- [Exercise requirements]: Would you copy only the lines below, from the one containing "A cozy and inviting" through the very last one, leaving the pictures out?

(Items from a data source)
----------------------------------------
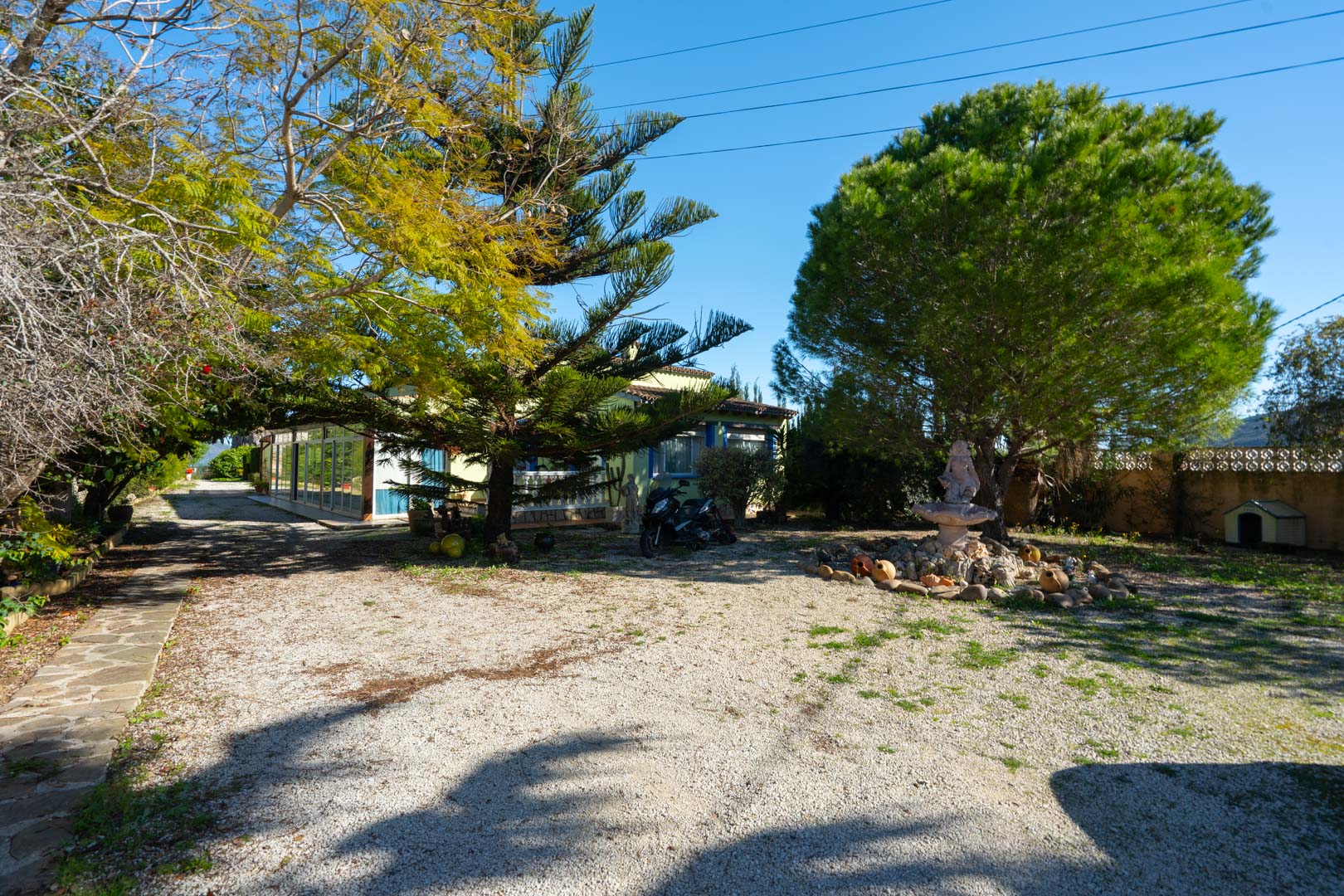 Espace d'entrée en gravier avec des pins matures et une fontaine décorative, offrant une vue sur la villa et sa naya fermée par des vitrages.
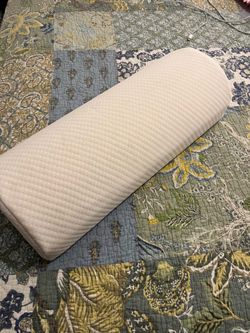 Under legs bolster. Pillow.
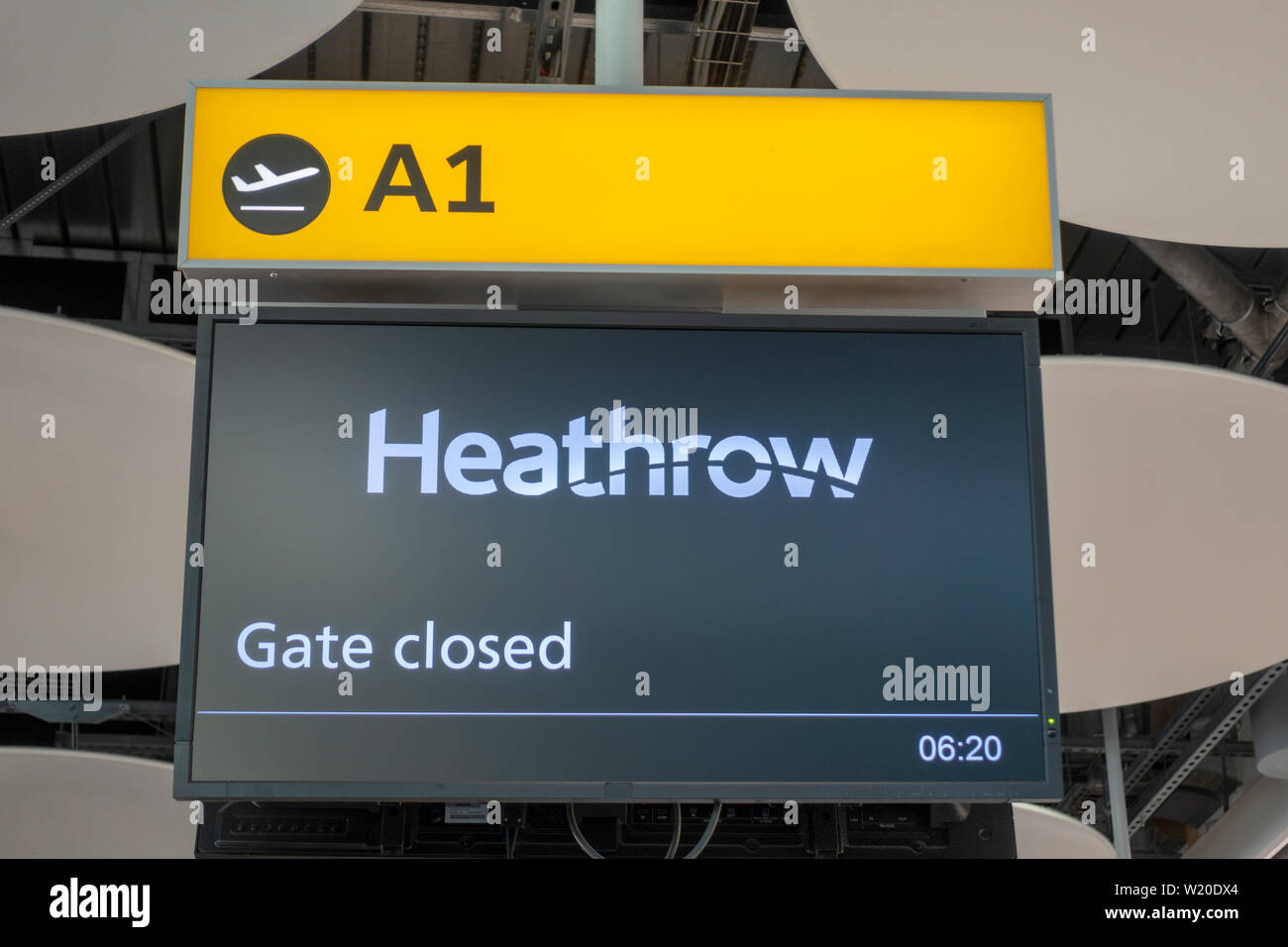 Gate board for gate A1 at Terminal Five, London Heathrow Airport, UK. Stock Photo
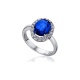 Anillo de oro blanco de 18 Kt con zafiro y orla de diamantes, 0,38 ct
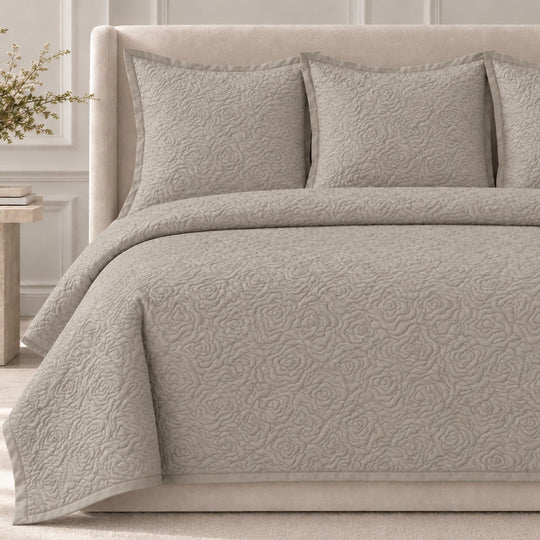 The Roses Coverlet Set from Judith Leiber Couture by Ann Gish, shown in Taupe, featuring its signature rose‑quilted pattern with matching shams, styled on a bed with a beige upholstered headboard in a softly lit, paneled bedroom. - YSETCORQK‑TAU YSETCORQQ‑TAU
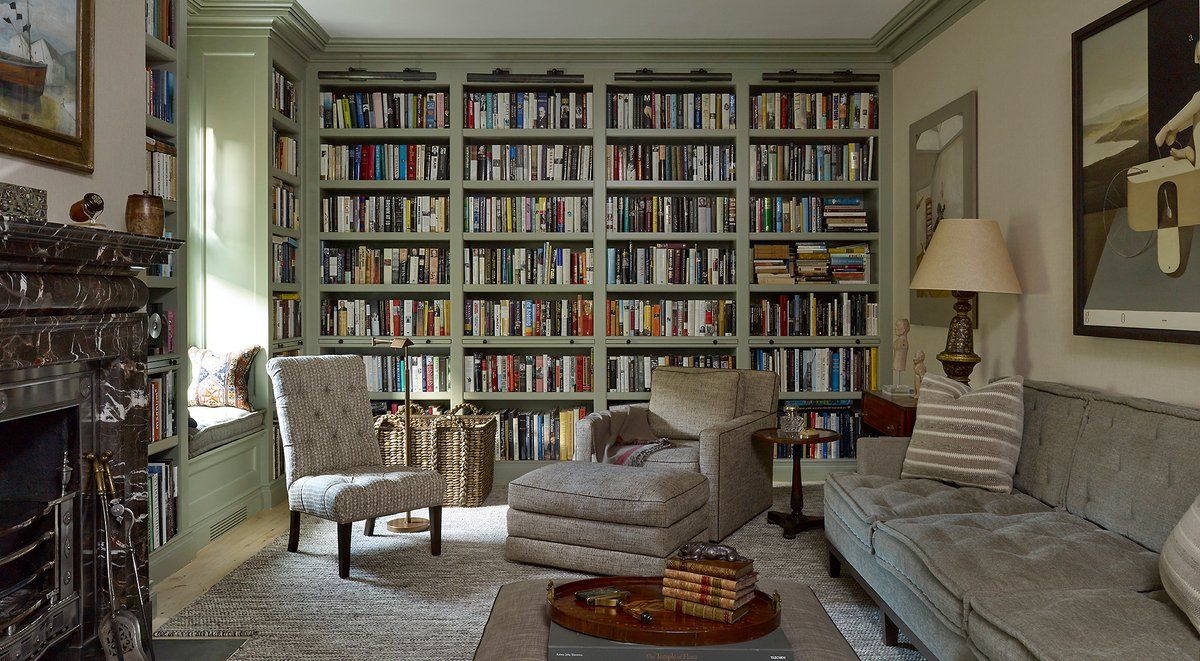 A cozy and inviting home library with floor-to-ceiling bookshelves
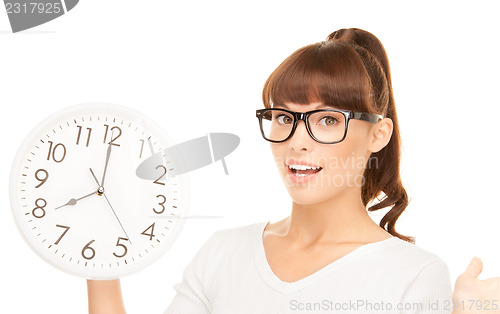 Image of woman holding big clock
----------------------------------------
- [Output below]:
 A cozy and inviting home library with floor-to-ceiling bookshelves
 Image of woman holding big clock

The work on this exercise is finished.